Portrait of Martha Washington
Eleanor Parke Custis
An item at Metropolitan Museum of Art
Eleanor Custis, known as "Nelly," was the granddaughter of Martha Washington and adopted stepdaughter of George Washington (Nelly Custis’s paternal grandfather was Daniel Parke Custis, Martha Washington’s first husband). Custis grew up at Mount Vernon, George and Martha Washington’s estate, then moved with the family in 1789 to the seat of government in New York following the election that made her step-grandfather the first president of the United States. A year later, the family moved to Philadelphia, where they would remain until Washington’s retirement from office in 1797. The art courses that Custis took while living in New York and Philadelphia likely included silhouette-cutting instruction, priming her to render this hollow-cut silhouette portrait of her grandmother, in which the negative profile was cut from board and placed atop a black fabric support. Custis created a silhouette portrait of George Washington that is also in The Met's collection (see accession number 79.6).
Drawings and Prints
An exhibit at Metropolitan Museum of Art
The Department’s vast collection of works on paper comprises approximately 21,000 drawings, 1.2 million prints, and 12,000 illustrated books created in Europe and the Americas from about 1400 to the present day.

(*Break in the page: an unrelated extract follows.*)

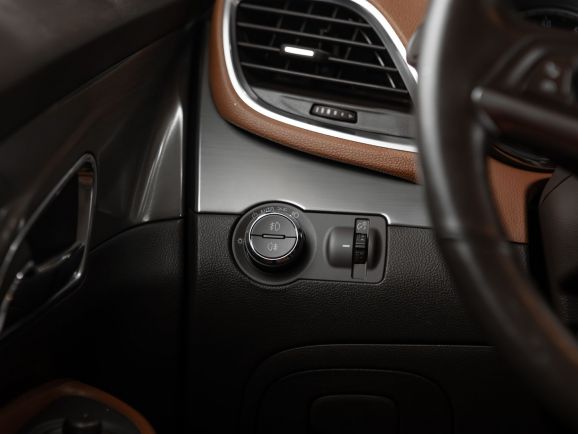 Opel Mokka, АТ, 2012 фото 8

Since its foundation in 1916, the Department has been committed to collecting a wide range of works on paper, which includes both pieces that are incredibly rare and lauded for their aesthetic appeal, as well as material that is more popular, functional, and ephemeral. The broad scope of the department’s collecting encourages questions of connoisseurship as well as those pertaining to function and context, and demonstrates the vital role that prints, drawings, and illustrated books have played throughout history.